Les dépenses incluent les seuls conseils en informatique, mettant de côté les achats de logiciels ou de matériel. Ces prestations portent ainsi sur des conseils à propos de la « qualité des systèmes d’information », de la « stratégie des systèmes d’information », ou encore de l’expertise technique, qui auraient atteint, au total, la somme de 646,4 millions d’euros en 2021.  

Ce recours massif aux cabinets de conseil dans des secteurs hautement sensibles est surtout dû à des difficultés de pilotage des projets numériques d’ampleur ou, comme le souligne la Secrétaire générale du gouvernement, Mme Claire LANDAIS, à une baisse de la capacité à mobiliser des compétences en interne

Le projet de logiciel SCRIBE, par exemple, visait à dématérialiser les procédures de la police nationale. Après quatre ans de développement et 11,7 millions d’euros, il reste l’un des échecs les plus importants des projets informatiques de l’Etat. Chacun se souviendra également du rôle d’un cabinet de conseil, Accenture, dans la création des applications françaises pour la crise sanitaire, et notamment du système d’information « vaccination covid » (VAC-SI) et du passe sanitaire. 
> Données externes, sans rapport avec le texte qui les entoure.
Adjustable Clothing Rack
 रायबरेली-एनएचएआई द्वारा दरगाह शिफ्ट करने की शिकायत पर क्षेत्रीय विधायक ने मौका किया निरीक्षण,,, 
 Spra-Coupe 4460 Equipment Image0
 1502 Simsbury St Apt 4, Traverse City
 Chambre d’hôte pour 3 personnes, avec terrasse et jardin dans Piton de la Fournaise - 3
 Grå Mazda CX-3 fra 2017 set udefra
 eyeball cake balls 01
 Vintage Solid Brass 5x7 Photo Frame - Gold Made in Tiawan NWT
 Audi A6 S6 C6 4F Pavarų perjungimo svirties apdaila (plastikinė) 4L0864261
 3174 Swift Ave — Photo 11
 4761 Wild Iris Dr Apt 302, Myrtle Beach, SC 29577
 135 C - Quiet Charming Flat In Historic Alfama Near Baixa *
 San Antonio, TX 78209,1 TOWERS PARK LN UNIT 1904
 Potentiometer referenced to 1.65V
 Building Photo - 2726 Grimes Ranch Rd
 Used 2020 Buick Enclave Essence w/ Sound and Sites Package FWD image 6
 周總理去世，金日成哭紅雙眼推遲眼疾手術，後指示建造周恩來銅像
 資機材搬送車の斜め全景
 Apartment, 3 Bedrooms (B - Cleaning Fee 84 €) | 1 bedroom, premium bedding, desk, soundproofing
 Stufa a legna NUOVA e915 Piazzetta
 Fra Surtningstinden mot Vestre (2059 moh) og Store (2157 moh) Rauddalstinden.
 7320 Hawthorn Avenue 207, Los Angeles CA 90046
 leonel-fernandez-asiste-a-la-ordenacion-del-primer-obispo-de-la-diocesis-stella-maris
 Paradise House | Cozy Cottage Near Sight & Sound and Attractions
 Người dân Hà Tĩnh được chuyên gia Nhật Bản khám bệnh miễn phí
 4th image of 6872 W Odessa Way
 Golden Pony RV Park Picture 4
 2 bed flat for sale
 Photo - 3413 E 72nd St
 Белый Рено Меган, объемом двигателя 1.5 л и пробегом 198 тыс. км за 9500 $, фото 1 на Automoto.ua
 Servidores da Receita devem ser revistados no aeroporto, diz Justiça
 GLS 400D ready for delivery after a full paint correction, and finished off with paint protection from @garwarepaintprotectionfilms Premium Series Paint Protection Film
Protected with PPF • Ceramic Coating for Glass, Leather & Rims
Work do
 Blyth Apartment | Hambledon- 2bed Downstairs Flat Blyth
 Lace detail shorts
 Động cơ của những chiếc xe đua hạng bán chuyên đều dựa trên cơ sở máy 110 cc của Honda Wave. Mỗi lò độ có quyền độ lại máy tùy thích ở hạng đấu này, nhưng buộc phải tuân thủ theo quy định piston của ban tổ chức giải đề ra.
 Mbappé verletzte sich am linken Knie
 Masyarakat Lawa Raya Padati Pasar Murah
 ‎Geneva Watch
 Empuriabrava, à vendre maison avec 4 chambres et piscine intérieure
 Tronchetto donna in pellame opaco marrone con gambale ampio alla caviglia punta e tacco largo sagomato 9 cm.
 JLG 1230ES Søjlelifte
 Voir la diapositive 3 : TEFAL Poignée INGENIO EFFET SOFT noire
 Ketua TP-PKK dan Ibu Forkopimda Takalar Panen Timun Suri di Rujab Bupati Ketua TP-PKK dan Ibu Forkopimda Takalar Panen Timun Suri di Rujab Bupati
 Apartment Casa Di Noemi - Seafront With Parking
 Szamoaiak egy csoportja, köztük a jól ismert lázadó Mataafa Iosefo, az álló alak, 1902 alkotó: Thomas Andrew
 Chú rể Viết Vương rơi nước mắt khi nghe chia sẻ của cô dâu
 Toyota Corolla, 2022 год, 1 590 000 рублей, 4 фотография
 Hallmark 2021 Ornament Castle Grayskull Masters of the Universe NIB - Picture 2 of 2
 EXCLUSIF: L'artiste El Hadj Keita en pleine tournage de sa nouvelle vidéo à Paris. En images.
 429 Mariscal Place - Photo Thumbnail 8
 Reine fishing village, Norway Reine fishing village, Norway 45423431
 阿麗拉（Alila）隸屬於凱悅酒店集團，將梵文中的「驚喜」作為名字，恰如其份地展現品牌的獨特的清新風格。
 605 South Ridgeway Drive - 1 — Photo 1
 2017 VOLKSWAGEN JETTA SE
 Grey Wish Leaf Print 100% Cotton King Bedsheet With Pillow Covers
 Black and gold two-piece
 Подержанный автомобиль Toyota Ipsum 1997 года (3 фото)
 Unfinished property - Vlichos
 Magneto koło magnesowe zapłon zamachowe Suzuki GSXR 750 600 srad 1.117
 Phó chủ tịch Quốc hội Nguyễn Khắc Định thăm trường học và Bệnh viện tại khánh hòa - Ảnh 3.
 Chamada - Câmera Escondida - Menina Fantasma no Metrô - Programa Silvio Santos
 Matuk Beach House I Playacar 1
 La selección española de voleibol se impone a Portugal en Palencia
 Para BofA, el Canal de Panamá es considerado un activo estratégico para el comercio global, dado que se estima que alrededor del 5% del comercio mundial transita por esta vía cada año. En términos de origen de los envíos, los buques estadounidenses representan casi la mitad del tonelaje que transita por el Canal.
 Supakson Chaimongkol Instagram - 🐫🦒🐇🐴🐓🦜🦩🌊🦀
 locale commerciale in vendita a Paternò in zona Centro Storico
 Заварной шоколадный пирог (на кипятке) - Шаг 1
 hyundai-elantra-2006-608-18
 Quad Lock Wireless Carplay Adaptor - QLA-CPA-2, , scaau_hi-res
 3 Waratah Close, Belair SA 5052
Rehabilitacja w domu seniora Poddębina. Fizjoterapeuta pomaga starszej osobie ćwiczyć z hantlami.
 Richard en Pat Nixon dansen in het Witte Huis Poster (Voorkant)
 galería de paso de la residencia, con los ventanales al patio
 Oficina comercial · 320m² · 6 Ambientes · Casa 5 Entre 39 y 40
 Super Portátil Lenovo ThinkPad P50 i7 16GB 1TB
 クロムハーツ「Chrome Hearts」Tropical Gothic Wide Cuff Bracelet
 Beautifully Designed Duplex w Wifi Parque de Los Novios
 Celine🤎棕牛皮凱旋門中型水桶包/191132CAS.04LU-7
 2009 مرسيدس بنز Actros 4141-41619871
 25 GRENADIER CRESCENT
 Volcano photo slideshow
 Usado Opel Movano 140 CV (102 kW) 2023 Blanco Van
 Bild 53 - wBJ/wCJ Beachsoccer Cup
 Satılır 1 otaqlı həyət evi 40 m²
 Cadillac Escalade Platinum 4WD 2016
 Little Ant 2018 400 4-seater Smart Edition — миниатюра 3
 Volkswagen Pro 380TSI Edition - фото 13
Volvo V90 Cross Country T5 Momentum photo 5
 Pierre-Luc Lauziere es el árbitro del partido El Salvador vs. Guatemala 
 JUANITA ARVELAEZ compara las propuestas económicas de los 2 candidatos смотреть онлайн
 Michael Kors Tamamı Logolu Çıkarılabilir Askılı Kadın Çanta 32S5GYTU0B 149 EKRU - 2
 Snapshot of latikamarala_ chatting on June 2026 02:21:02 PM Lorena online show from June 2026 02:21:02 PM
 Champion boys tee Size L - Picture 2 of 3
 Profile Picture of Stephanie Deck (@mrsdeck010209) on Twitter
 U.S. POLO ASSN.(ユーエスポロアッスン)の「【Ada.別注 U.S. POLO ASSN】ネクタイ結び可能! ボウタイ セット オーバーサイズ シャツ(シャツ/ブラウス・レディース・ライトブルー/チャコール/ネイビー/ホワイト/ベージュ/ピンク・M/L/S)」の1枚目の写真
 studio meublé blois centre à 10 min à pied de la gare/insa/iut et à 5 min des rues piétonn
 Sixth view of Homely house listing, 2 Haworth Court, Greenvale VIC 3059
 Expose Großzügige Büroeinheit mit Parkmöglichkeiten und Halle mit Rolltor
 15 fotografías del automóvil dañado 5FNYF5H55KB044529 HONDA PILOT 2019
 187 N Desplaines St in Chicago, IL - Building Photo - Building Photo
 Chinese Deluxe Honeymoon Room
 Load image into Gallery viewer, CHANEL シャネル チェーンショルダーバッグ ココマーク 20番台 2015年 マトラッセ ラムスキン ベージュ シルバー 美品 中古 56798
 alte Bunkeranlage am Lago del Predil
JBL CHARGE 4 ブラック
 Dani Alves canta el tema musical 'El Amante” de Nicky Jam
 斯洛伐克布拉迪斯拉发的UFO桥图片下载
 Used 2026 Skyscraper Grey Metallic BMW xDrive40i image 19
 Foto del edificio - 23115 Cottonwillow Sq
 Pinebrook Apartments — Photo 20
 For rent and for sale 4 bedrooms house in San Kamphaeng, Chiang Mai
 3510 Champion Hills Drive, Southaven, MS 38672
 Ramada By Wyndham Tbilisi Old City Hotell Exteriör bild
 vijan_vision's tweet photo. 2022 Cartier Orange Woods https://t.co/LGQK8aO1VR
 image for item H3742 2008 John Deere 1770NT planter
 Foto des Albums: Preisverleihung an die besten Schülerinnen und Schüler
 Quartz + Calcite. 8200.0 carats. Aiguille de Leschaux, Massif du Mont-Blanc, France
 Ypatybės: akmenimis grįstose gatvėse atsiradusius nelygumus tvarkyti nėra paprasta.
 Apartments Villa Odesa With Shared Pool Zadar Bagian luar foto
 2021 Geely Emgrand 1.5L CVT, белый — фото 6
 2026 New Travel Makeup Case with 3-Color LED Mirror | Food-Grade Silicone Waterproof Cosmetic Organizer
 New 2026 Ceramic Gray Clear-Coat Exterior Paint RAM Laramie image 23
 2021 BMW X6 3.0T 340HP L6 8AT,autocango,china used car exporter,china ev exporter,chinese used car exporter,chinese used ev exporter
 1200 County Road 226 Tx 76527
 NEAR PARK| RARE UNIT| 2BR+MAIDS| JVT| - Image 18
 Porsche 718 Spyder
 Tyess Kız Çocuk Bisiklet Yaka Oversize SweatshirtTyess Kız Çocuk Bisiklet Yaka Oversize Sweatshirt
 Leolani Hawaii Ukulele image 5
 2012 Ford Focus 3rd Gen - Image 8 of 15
L’affaire McKinsey démontre surtout l’indigence de l’Etat dans un secteur stratégique

Dans ces conditions, l’ensemble des dépenses en matière de numérique et de digitalisation apparaît alors largement justifié. Et on se méprendrait à considérer cela comme un détail. L’externalisation massive et systématique mène mécaniquement à une baisse du savoir-faire de la puissance publique. Une telle situation empêche de préserver d’anciennes compétences ou d’en bâtir de nouvelles. Surtout que cet ensemble opère désormais dans un large contexte de démembrement et de réforme de l’État.

À long terme, le recours aux cabinets de conseil, et à plus forte raison dans le numérique, sera néfaste. Le secteur est particulièrement éclairant des nouvelles faiblesses de l’Etat. Son impuissance à développer des logiciels de manière autonome et son inhabilité à numériser – et donc à stocker – sans passer par des prestataires extérieurs, parfois étrangers, est flagrant. Sous nos yeux, une relation de dépendance de l’Etat, principalement dans le domaine informatique, s’installe à l’égard d’acteurs privés. Pourtant, ces derniers sont difficilement contrôlables démocratiquement.

 

Le pilotage et l’investissement dans de grands projets sont l’essence même de l’Etat en France. Cela ne semble plus d’actualité. L’Etat ne veut plus se donner les moyens d’être autonome, malgré tous les discours récents sur la souveraineté. Cela est largement la conséquence des choix politiques des quarante dernières années. L’absence de vision politique, l’austérité budgétaire et les critiques presque irrationnelles de l’Etat nous ont menées dans un état de dépérissement. Quand la puissance publique ne se fait plus confiance, elle ne veut plus se donner les moyens d’agir efficacement.